Lost and Profound represents the fifteenth edition of Gertrude Contemporary's annual Octopus exhibition, for which it invites leading curators to develop their own project. For this iteration, Sydney-based artist and senior curator of Artbank, Daniel Mudie Cunningham took on the challenge, commissioning works across Gertrude Contemporary’s three galleries. Donning rose-tinted glasses, Cunningham’s nostalgic exhibition attempted to articulate the ways in which art practice can thoughtfully reinvigorate obsolete technologies and found objects, creating new ways in which to interrogate memory.

This curatorial framework had mixed success. A number of the artists worked with both retro and found materials, from old photographs to grainy 1950s film footage: for two different projects by Tara Marynowsky and Sam Phillips, vintage vinyl albums were the material of choice. While Marynowsky embellished portraits of crooners that graced LP covers of the 1950s, turning them into fantastical creatures, singer-songwriter Phillips used such album covers as the basis of collages, which were then used to promote her own musical releases. In both works, the artists’ interventions worked solely with the aesthetic qualities of the now much-coveted vinyl record, inadvertently reinforcing the object’s antique quality rather than questioning how nostalgia can manifest in these fetishised objects.

Other works in the exhibition were more successful in creating unexpected narratives from personal archives and collections. Patrick Pound’s The Museum of Falling amassed an array of objects, under the theme of "falling“. Elvis Richardson and James Hayes’ Episode 1: Dear Daddy used an anonymous 1950s photo album - found by Richardson in a flea market – to construct a photographic and sonic portrait of the photo album’s owner “Tony“. Through close scrutiny of the album’s photographs and hand-written notes, Richardson presented Tony’s constructed life: a migrant who had his fair share of romances, with a daughter living in Panama. Richardson opens up a personal tale, one that attempts to deliver not a grand narrative, but rather imagined fragments. By contrast, Giselle Stanborough’s That Really Hurts and It’s Still Hurting accounted for her childhood photographs, which she lost when her father remarried. Stanborough combined images of the artist alone in a darkened room with YouTube screen shots from the home videos of other children called Giselle. The resulting work carried the unmistakable tone of the teen video cam confessional.

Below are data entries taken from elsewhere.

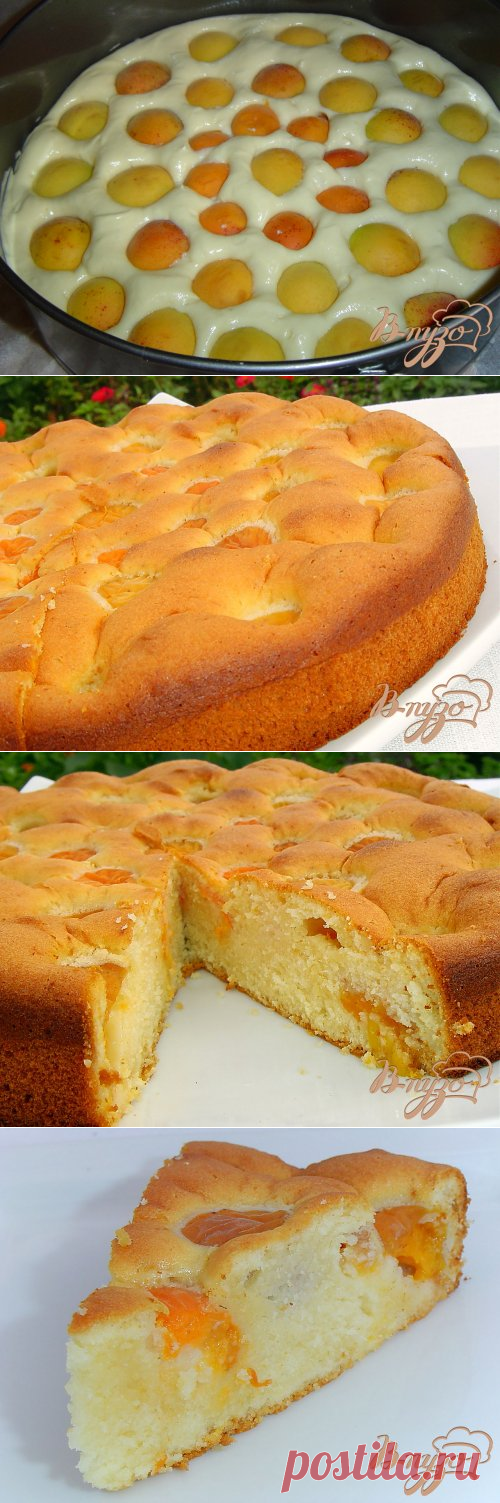 Бисквитный пирог с медом и абрикосами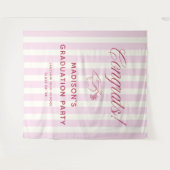 Tenture Pink Striped Preppy Graduation Congrats (Devant (Horizontal))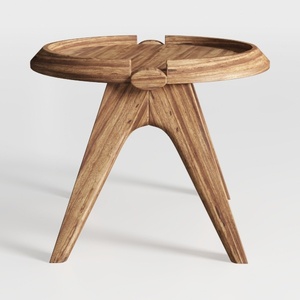 Minimalist Solid Wood Round Side Table 3D Model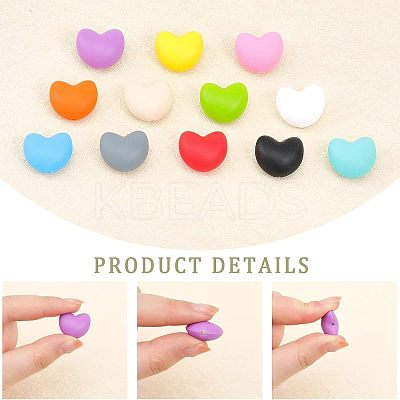 48Pcs 12 Colors Food Grade Eco-Friendly Silicone Focal Beads SIL-CA0001-43-1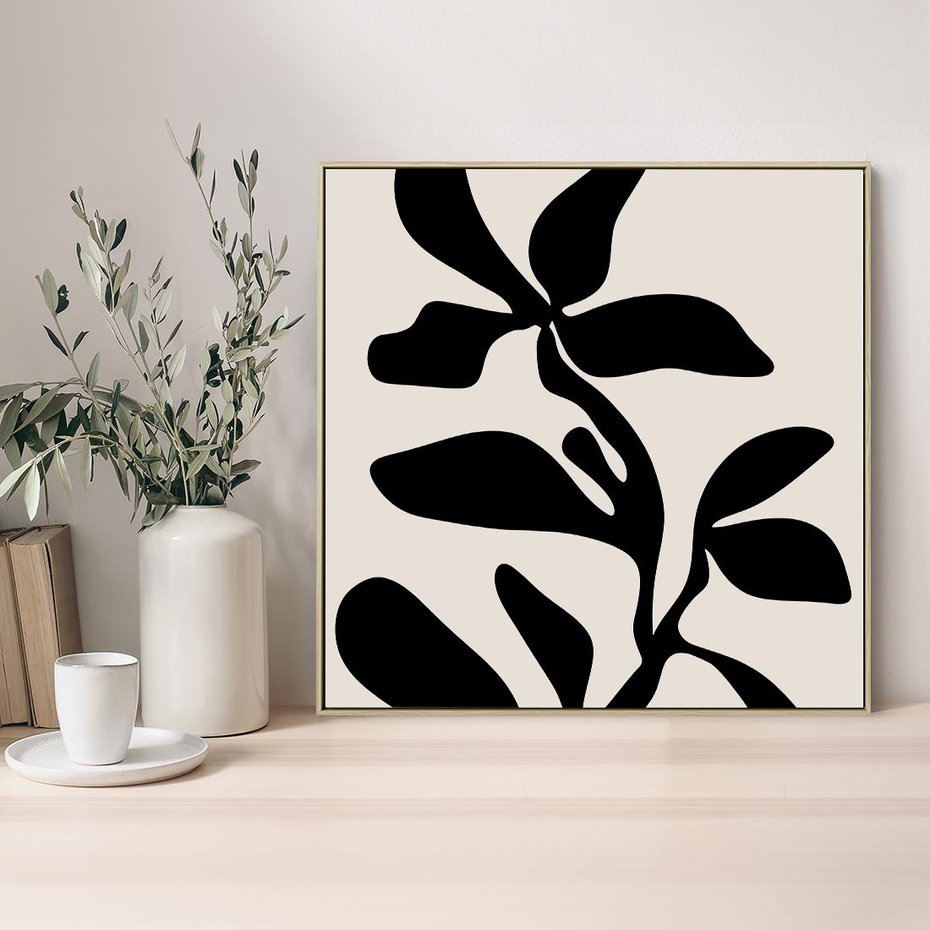 Obraz w ramie 50x50 - Wibracje Akwarelowych Ścieżek - abstrakcyjny minimalistyczna kwiat, czarno biały plakat - rama drewno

Also working in a confessional style, Peter Maloney’s text and collaged paintings weaved together images of homoerotic male nudes, images of violence alongside phrases drawn from the vocabulary of the self-pitying artist. These one-liners, such as “Why am I not in this show?“ overshadowed the more subtle interplay between image and abstract form that occurred in the paintings. Tina Havelock Steven’s Up There presented vintage aerial video footage taken by the artist’s father from the cockpit of his Harvard fighter plane. Steven paired this footage with a digital video documenting the artist herself carrying out durational drumming on the body of a decommissioned plane. While the link between the two videos beyond the use of the aircraft was unclear, Steven’s drumming followed in the recent lineage of contemporary musical durational pieces by pop stars such as The National and Jay-Z.

Lost and Profound endeavored to unpack our relation to archives, to the photos and objects that remain, but ultimately it left a nagging concern – that nostalgia can also be a regressive force. This exhibition could have done with more dusting off.